[Captioned web image data]
-----
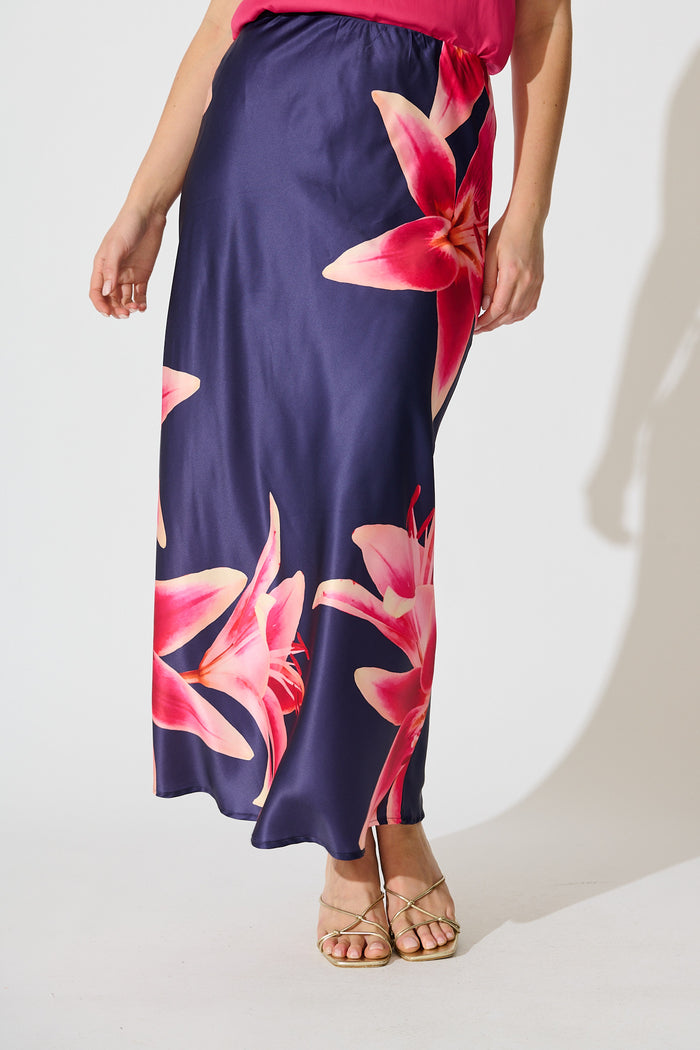 Nightshade Bouquet Maxi Skirt in Navy Floral Satin front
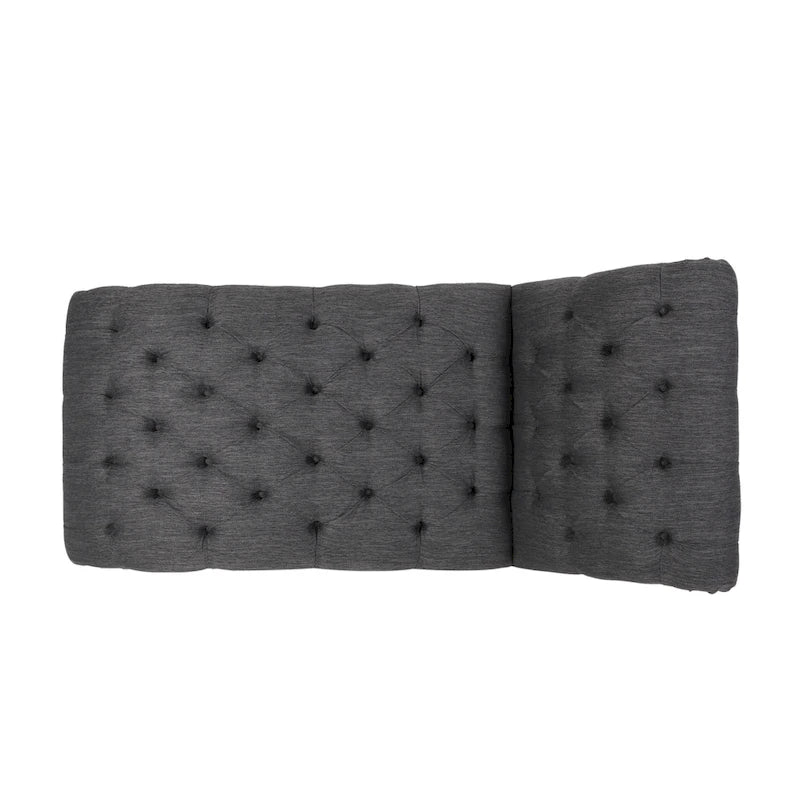 64.25 Button Tufted Chaise Lounge Chair with Birch Legs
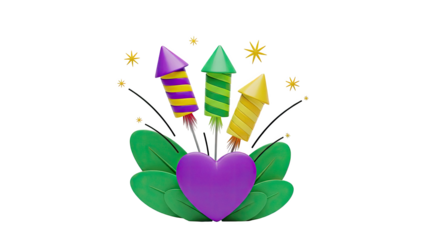 Heart with Festive Fireworks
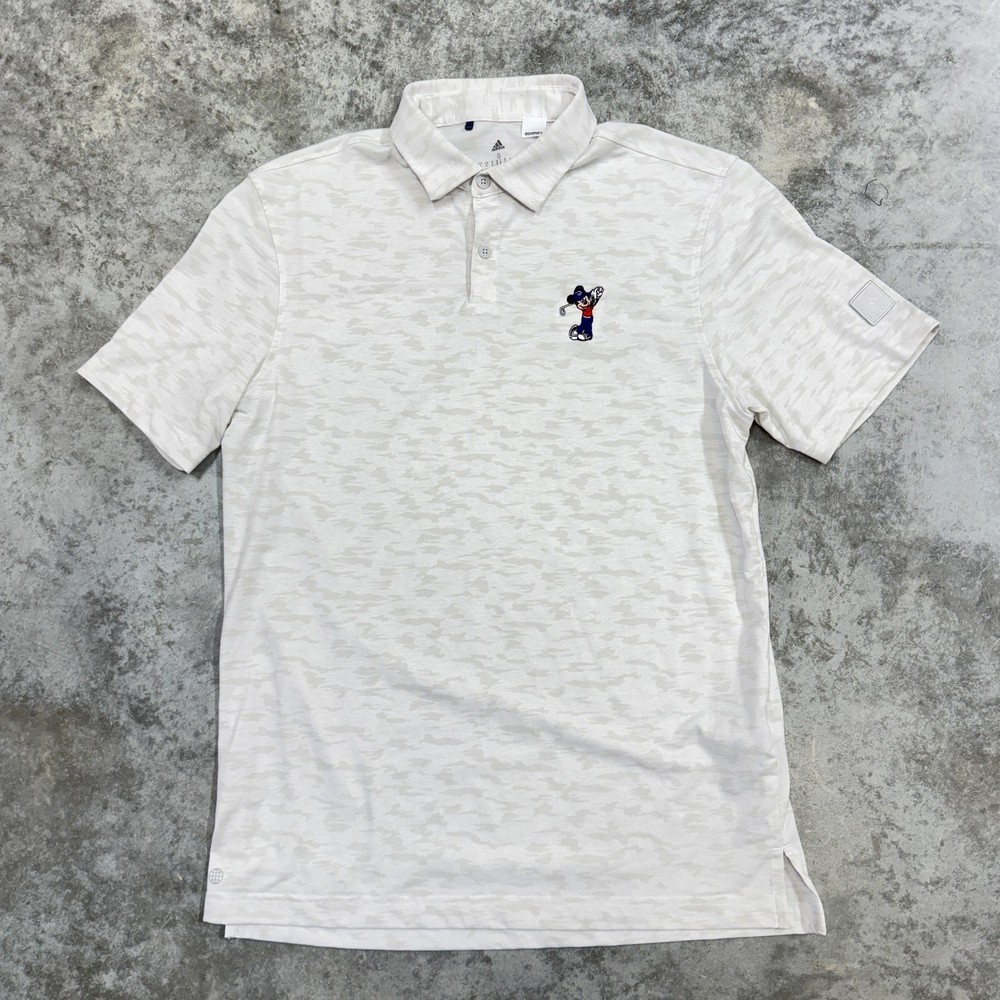 Adidas Polo Shirt Mens Small White Camo Mickey Golf Disney Performance Print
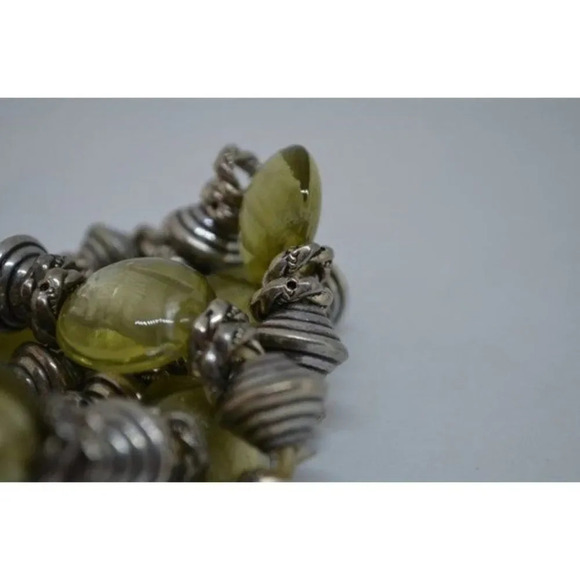 Stackable  Green Glass Silver Bracelets Chunky - Picture 8 of 9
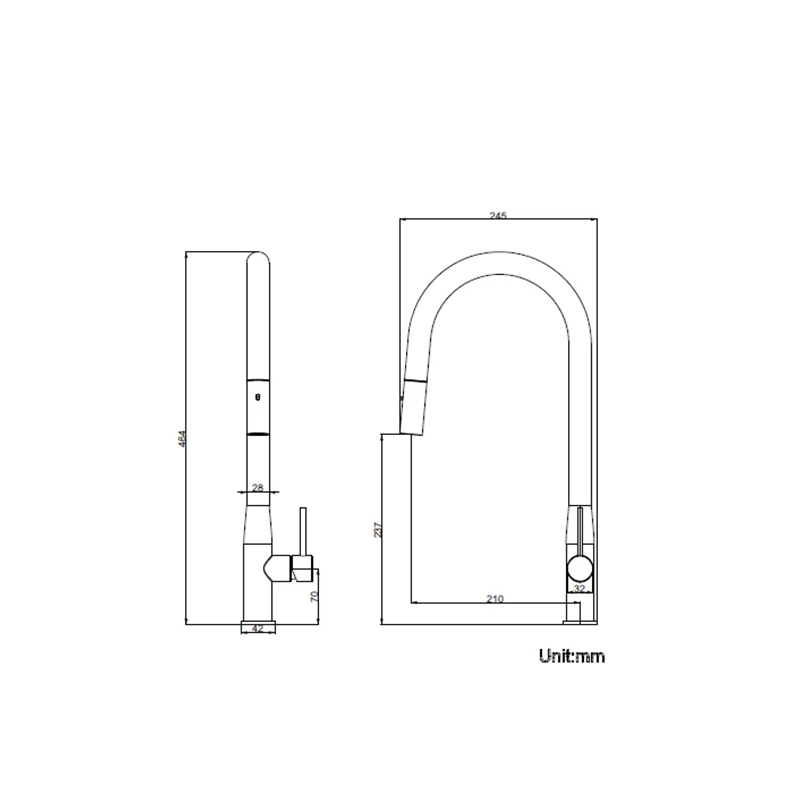 Navona Carysil Slim Matte Black Pull Out Kitchen Mixer - Image 4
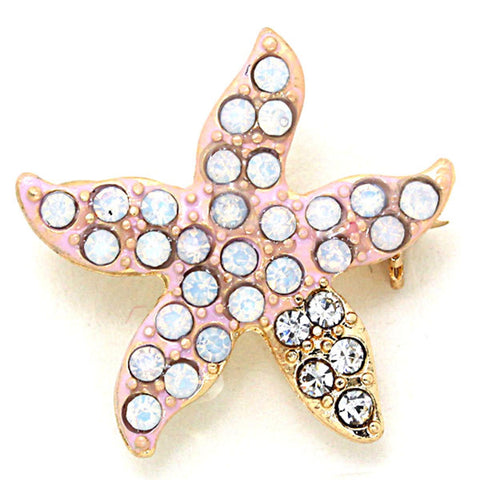 Opal Crystal Starfish Pin Brooch/ Brooches / AZBRSEA002-PCL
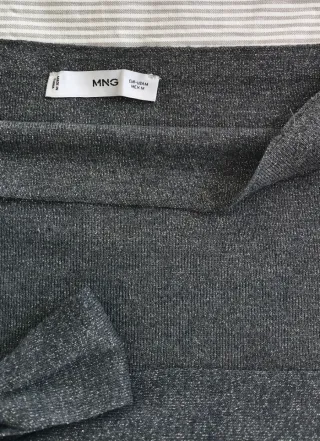 Top punto Mango brillo gris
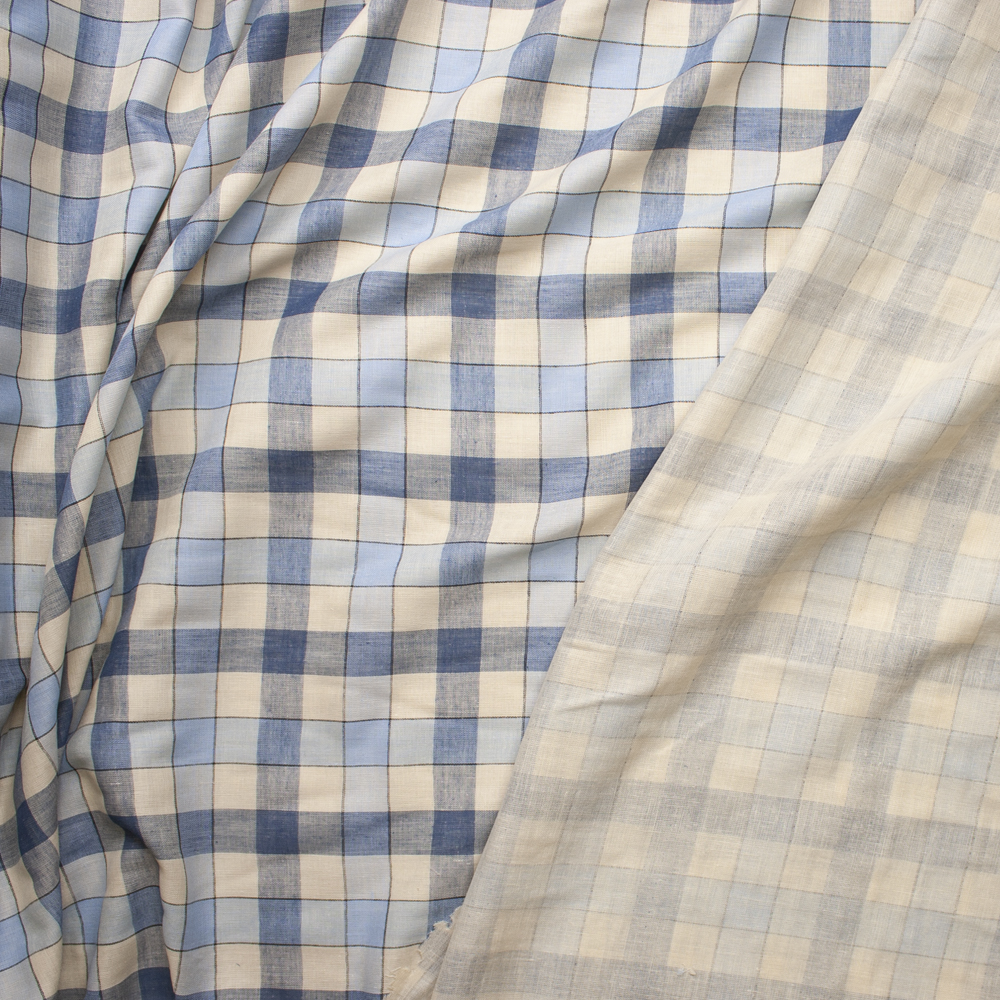 Blue and Ivory Plaid Reversible Lightweight Double Gauze Fabric By The Yard - Wide shot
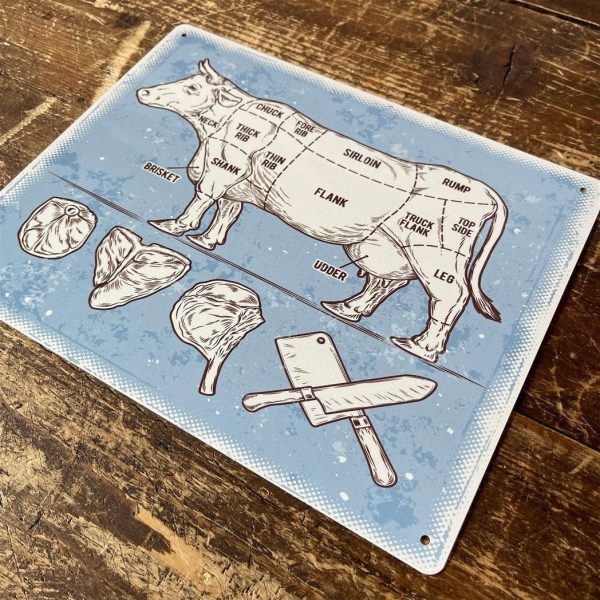 Vintage Metal Sign - Butchers Cuts of Beef Retro Sign - Image 2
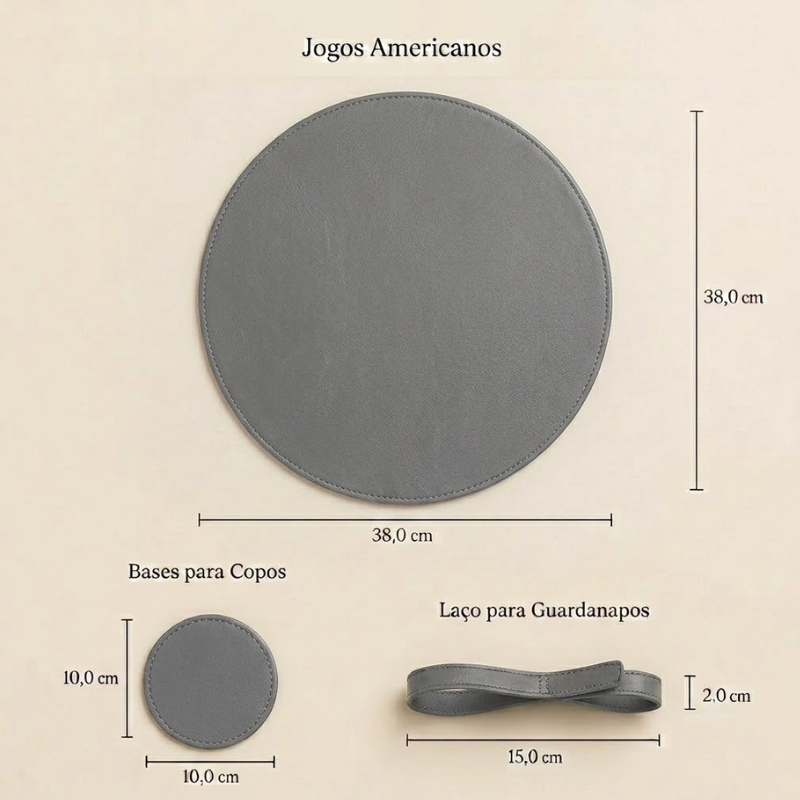 Jogo Americano Contemporâneas Couro PU Redondo Cinza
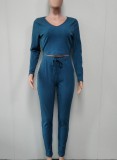 Autumn and winter model solid color pit strip elastic waist slim two-piece suit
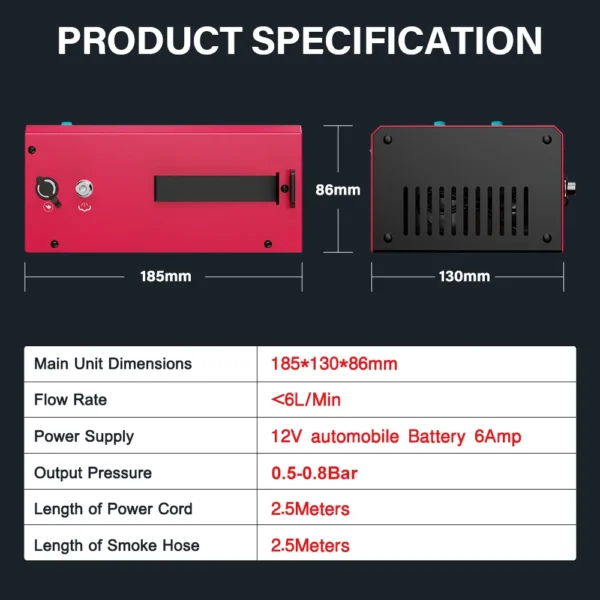 ANCEL S1000 Smoke Generator For Car Pipeline Smoke Leak Detector Tool Automotive Exhaust Gas Analyzer Diagnostic 12V Auto Repair - Image 5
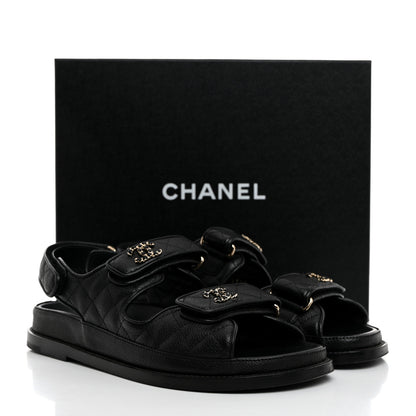 Chanel Grained Calfskin Velcro Dad Sandals 38 Black 9 of 9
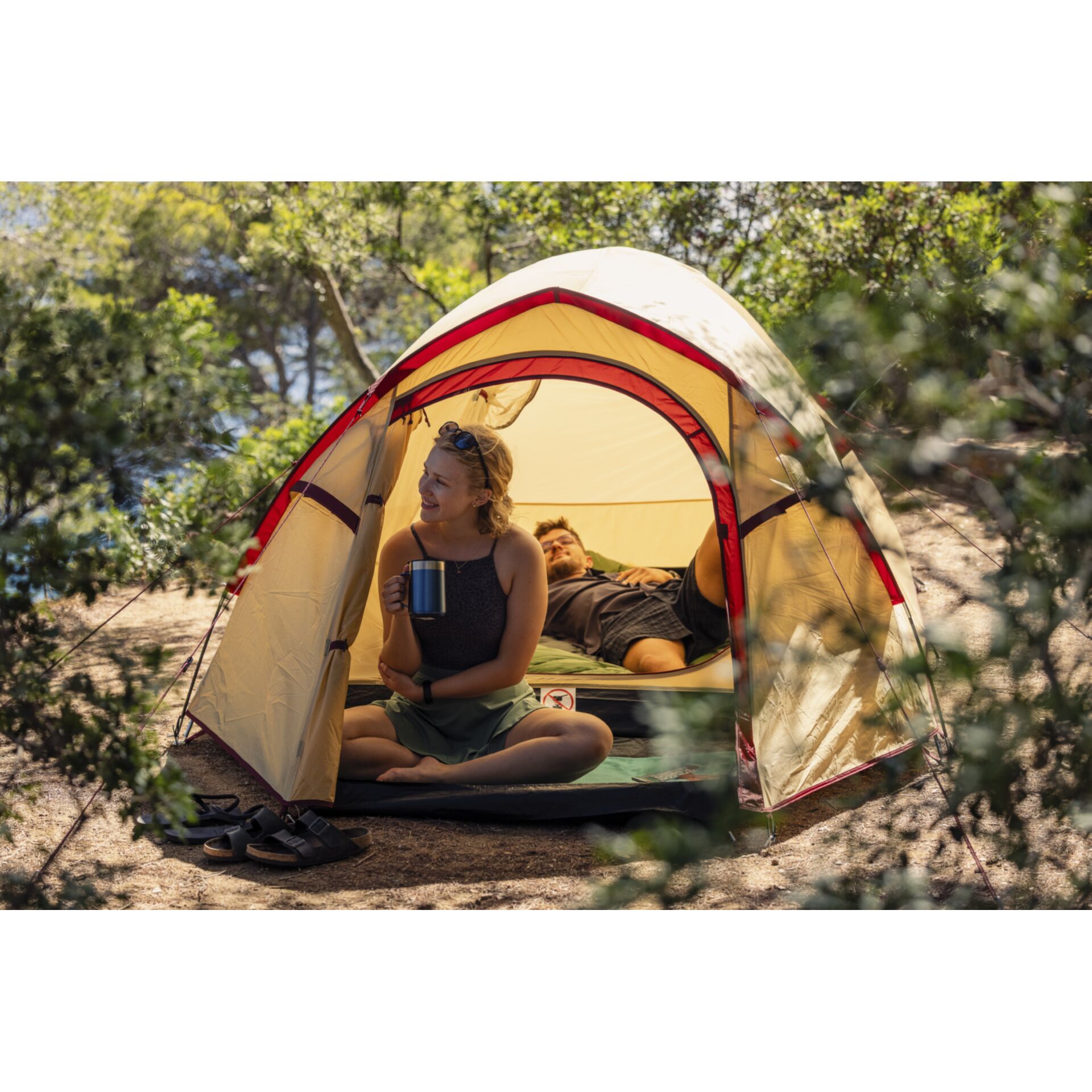 Draußen, Unterschlupf, Zelt, Campen, Sitzen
-----
All of the data above must be printed exactly, minus its pictures.

• _TASK RESPONSE_
 Nightshade Bouquet Maxi Skirt in Navy Floral Satin front
 64.25 Button Tufted Chaise Lounge Chair with Birch Legs
 Heart with Festive Fireworks
 Adidas Polo Shirt Mens Small White Camo Mickey Golf Disney Performance Print
 Stackable  Green Glass Silver Bracelets Chunky - Picture 8 of 9
 Navona Carysil Slim Matte Black Pull Out Kitchen Mixer - Image 4
 Opal Crystal Starfish Pin Brooch/ Brooches / AZBRSEA002-PCL
 Top punto Mango brillo gris
 Blue and Ivory Plaid Reversible Lightweight Double Gauze Fabric By The Yard - Wide shot
 Vintage Metal Sign - Butchers Cuts of Beef Retro Sign - Image 2
 Jogo Americano Contemporâneas Couro PU Redondo Cinza
 Autumn and winter model solid color pit strip elastic waist slim two-piece suit
 ANCEL S1000 Smoke Generator For Car Pipeline Smoke Leak Detector Tool Automotive Exhaust Gas Analyzer Diagnostic 12V Auto Repair - Image 5
 Chanel Grained Calfskin Velcro Dad Sandals 38 Black 9 of 9
 Draußen, Unterschlupf, Zelt, Campen, Sitzen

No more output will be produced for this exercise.